Airlines Will Not Yet Loosen Mask Rules In England Despite Government Policy Change
In an address to the nation yesterday, UK Prime Minister Boris Johnson announced that July 19th will be “Freedom Day” in which most pandemic-related restrictions are lifted, at least in England. That includes obligatory masks on subways, trains, airports, and airplanes.
Budget carrier Ryanair, the largest airline in Europe, said it has no plans to loosen its mask rules after July 19th. Nor does EasyJet.
Both airlines made masks compulsory prior to the government mandating it.

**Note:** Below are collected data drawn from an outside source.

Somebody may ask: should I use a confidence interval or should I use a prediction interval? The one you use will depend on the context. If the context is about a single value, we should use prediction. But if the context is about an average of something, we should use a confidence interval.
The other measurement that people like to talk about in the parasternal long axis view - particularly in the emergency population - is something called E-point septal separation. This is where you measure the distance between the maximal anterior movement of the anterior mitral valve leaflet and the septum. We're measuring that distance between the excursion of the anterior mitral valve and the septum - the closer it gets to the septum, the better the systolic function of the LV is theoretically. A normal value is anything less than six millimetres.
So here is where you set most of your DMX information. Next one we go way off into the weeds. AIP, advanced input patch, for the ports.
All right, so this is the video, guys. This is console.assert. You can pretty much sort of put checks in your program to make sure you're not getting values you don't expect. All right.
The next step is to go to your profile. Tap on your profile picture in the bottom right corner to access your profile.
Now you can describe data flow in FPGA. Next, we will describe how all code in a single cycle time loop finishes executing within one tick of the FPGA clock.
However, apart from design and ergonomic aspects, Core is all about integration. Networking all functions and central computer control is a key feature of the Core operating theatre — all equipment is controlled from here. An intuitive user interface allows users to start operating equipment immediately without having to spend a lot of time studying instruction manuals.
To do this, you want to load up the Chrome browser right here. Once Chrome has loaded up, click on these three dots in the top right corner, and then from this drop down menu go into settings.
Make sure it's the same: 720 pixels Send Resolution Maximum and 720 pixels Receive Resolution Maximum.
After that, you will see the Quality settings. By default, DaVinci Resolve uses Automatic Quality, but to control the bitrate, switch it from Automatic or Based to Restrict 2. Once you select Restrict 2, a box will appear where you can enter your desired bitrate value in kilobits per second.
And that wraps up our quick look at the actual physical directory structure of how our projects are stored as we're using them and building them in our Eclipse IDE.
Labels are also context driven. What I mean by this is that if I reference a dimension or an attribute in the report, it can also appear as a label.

An EasyJet spokesperson told Paddle Your Own Kanoo:
“We continue to be guided by our inhouse medical adviser and a number of key industry governing bodies that airlines follow including the WHO, ICAO (which provides guidance to the Civil Aviation Authorities), EASA, the European Centre for Disease Prevention and Control (ECDC) and Public Health authorities across Europe and at present their guidance around the wearing of masks onboard remains unchanged.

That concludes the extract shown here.